Missouri National Guard colonel finds adventure in military service

Lot. Col. Ingrid Hawkins of the Missouri National Guard.
Lot. Col. Ingrid Hawkins of the Missouri National Guard.

Des Moines, Iowa, was a nice place to grow, but Lt. Col. Ingrid Hawkins, of the Missouri National Guard, hoped to see a few other places when she became an adult.

After graduating from high school in 1984, she also wanted to work, and took a few jobs - and was employed by an insurance company and several other businesses. College wasn't always on the horizon.

But she was interested in military service and wished to see other parts of the world. At 22, she entered the U.S. Army and left Des Moines.

"I asked to go to Germany," Hawkins said. "My mother was Dutch and there weren't any Army bases in Holland, but Germany was close."

She arrived just as history began to unfold in Berlin. The Berlin Wall was cracking.

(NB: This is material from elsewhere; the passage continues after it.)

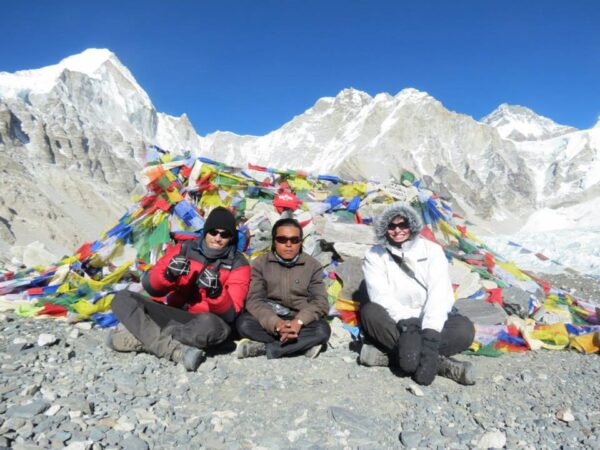 Three trekkers posing at Everest Base Camp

In 1961, East Germany - a communist country under heavy influence from the Soviet Union - began construction of the wall, dividing the city, ostensibly to prevent "Western Fascists" from entering the country, but the structure was actually intended to end mass departures from the East.

Following a series of revolutions in the Soviet Union, government officials announced in 1989 that East Germans could begin traveling between the divided halves of the city, but the wall's actual demolition began in mid-1990.

"I was there when the wall came down," Hawkins said.

Driving their Trabant or Trabi cars, East Germans poured into West Berlin.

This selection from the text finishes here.